**Task to complete:** The whole listing is to be restated word for word with no images.

**Input data:**
= = =

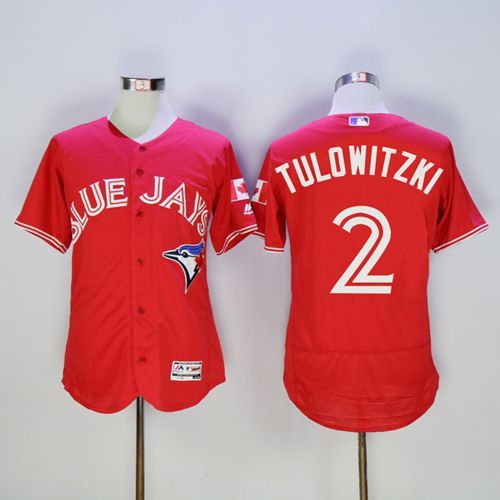 Blue Jays #2 Troy Tulowitzki Red Flexbase Authentic Collection Canada Day Stitched MLB Jersey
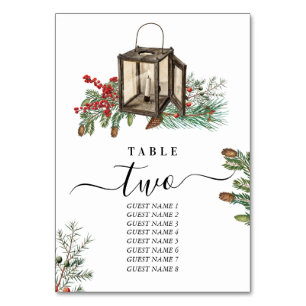 Elegant Winter Rustic Pine Trees Lantern Wedding Table Number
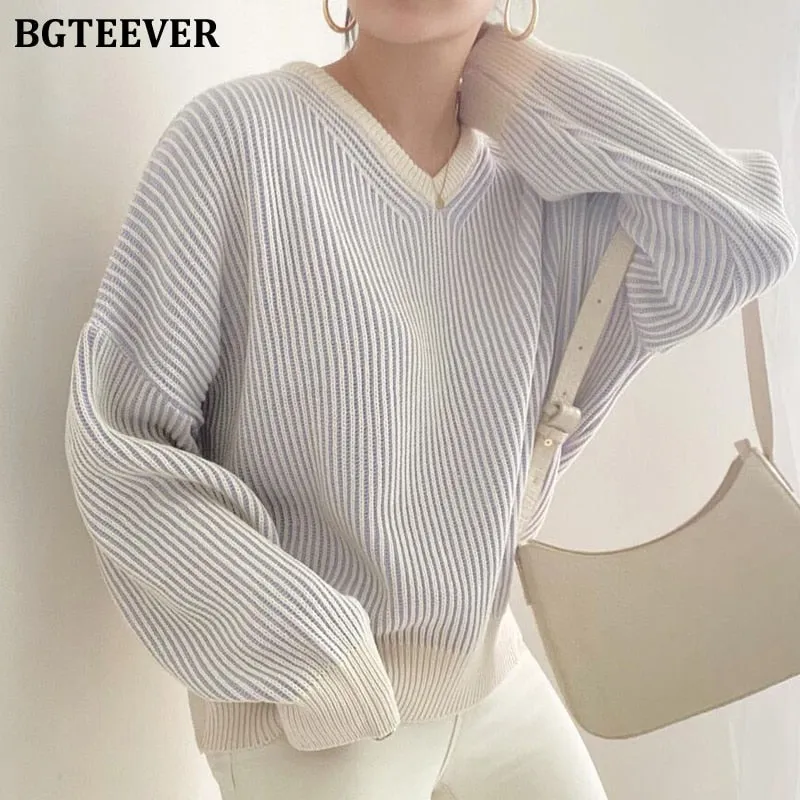 Christmas Gift Joskaa Casual V-neck Loose Women Knitted Pullovers 2024 Autumn Winter Thicken Warm Full Sleeve Ladies Striped Sweaters Jumpers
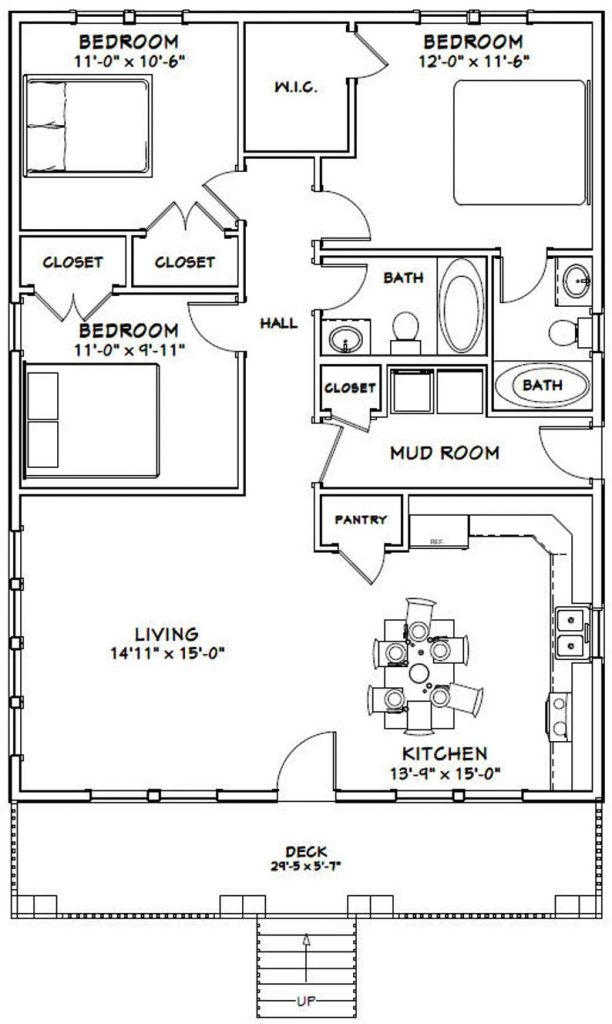 30x40-House-Design-Idea-3-Bedrooms-2-Baths-1200-sq-ft-PDF-Floor-Plan-layout-plan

= = =

**Output for this exercise:**
 Blue Jays #2 Troy Tulowitzki Red Flexbase Authentic Collection Canada Day Stitched MLB Jersey
 Elegant Winter Rustic Pine Trees Lantern Wedding Table Number
 Christmas Gift Joskaa Casual V-neck Loose Women Knitted Pullovers 2024 Autumn Winter Thicken Warm Full Sleeve Ladies Striped Sweaters Jumpers
 30x40-House-Design-Idea-3-Bedrooms-2-Baths-1200-sq-ft-PDF-Floor-Plan-layout-plan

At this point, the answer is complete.